Yep, those crazy republicans. As long as there are leaches there will be democrats.

Uh Huh....

February 7th, 2013
5:42 pm

@RB from Gwinnett

February 7th, 2013
5:08 pm
“The man left office with an approval rating of 22%. And only 18% among independents!”

Yea, people were angry about rising unemployemnt and a crappy economy and guess what…4 years later we still have unemployement higher than when Bush left, the economy still sucks, and for some damn unknown reason, everybody loves Obama.

Maybe the low information liberals would be a little more useful in the collective effort to improve things if they would get their “news” from sources other than “Weekend Update” and “The View”????
^^^^^^^^^^^^^^^^^^^^^^^^^^^^^^^^^^^^^^^^^

Maybe the hate filled, angry CONS would be a little less angrier and less

hateful if they would get their “NEWS” from sources other than FAUX NEWS.

BTW, Your grissly mom (Sarah Palin) and your top con advisor Dick Morris

got the BOOT from FAUX NEWS.

What goes around comes around,
That’s what people say;
So, all the pain they caused
Will come back to THEM someday.

комиссар (Occupation)

February 7th, 2013
5:46 pm

skipper: “Al-Alwaki (sp?) needed a good killin’…………..”

Says who?

Decides who?

Uh Huh....I Pledge Alligance to the Liberal States of America

February 7th, 2013
5:49 pm

@Liberal Nightmare (and Cookmans worst nightmare)

February 7th, 2013
5:27 pm
The typical republican in Metro Atl: Professional degree, Lives OSOP, Church Going, Donates to charity, probably owns at least one gun, spends money and contributes to economy.

Typical Democrat: majority have no college education, pay less than 10 percent federal tax, do not donate to Charity, have received some sort of federal or state assistance.

Yep, those crazy republicans. As long as there are leaches there will be democrats.
^^^^^^^^^^^^^^^^^^^^^^^^^^^^^^^^^^^^^

Yep, we crazy liberals. As long as there are haters, fakers, hypocrites, liars,

schemers, tax dodgers, vote tamperers, thieves, there will be Republicans.

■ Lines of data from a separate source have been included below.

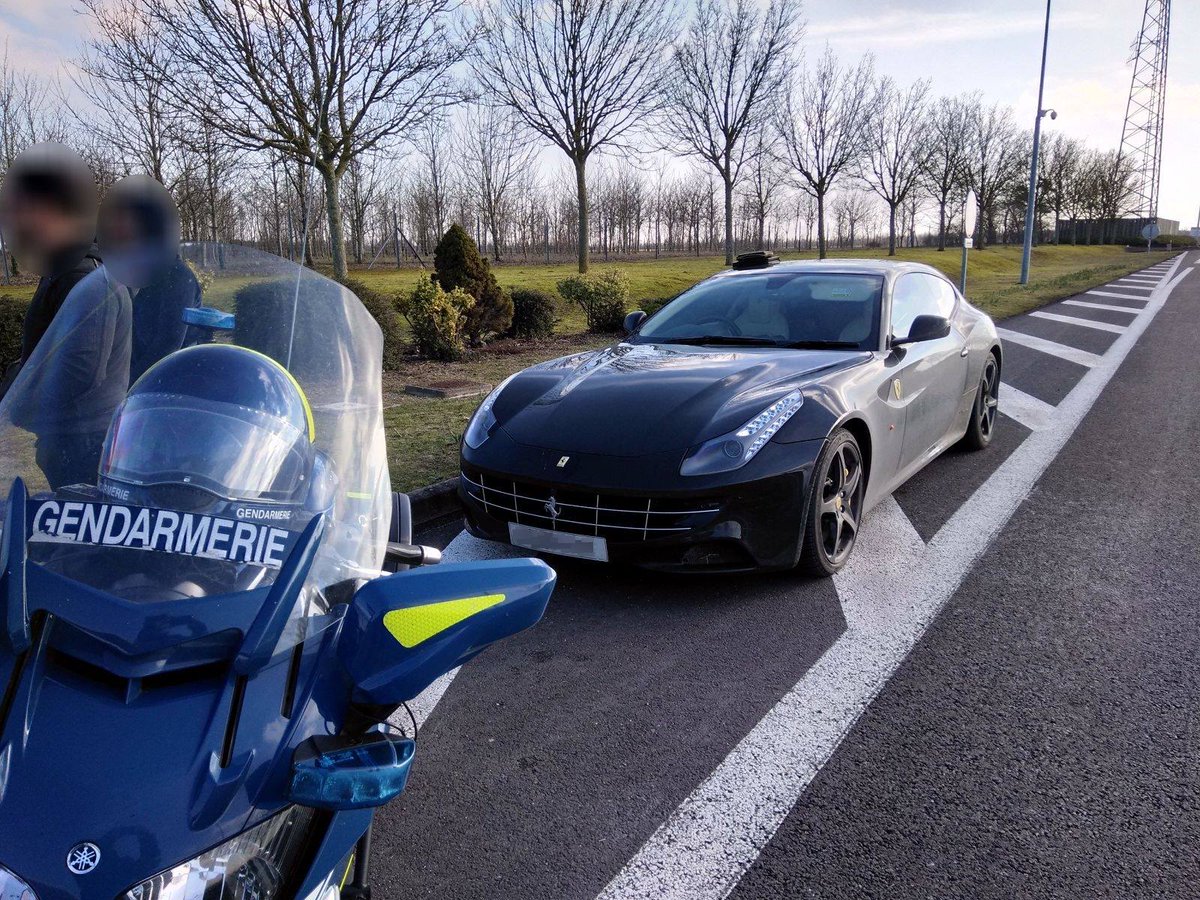 Gendarmerie's tweet photo. #Marne Le peloton motorisé de #ChâlonsEnChampagne interpelle :
- Un chauffard contrôlé à 207 km/h sur l'#A26
- Avec 2 jeunes enfants à bord 
- Lors d'un retour de vacances
➡️ Immobilisation judiciaire du véhicule 🚘 et consignation de 750 euros
😡#NoComment #SécuritéRoutière https://t.co/Pg0NMvK08x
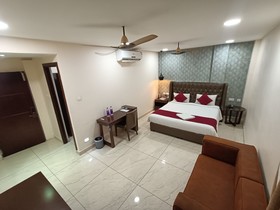 Hotel Akshay Grand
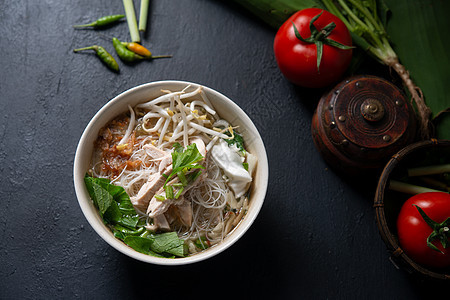 大米面汤和鸡油炸桌子马来语挂面肉汤文化食物雄鸡蔬菜餐厅图片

Stevie Ray..Clowns to the left and Jokers to the right..here I am...

February 8th, 2013
8:43 am

getalife

February 7th, 2013
1:52 pm

Please make up your mind. Is the country destroyed or is everything wonderful..

Bill Orvis White

February 8th, 2013
12:27 pm

I met the honorable Paul Broun during a Christian retreat back in the early ’90s right after the honorable President George H.W. Bush unfortunately lost his re-election campaign. We were all gathered around a campfire late at night when the honorable future congressman from Georgia told us about the impending doom that would be inflicted upon the nation. I really think it was that night that Mr. Broun had an epiphany that He would be one of many conservative Christians who would become foot soldiers to save the nation from debauchery. Here we are over 20 years later and Mr. Broun is about to become the new junior U.S. senator from Georgia. I’m proud of Rep. Broun and you can bet on it, that I will be writing a check to Him very soon.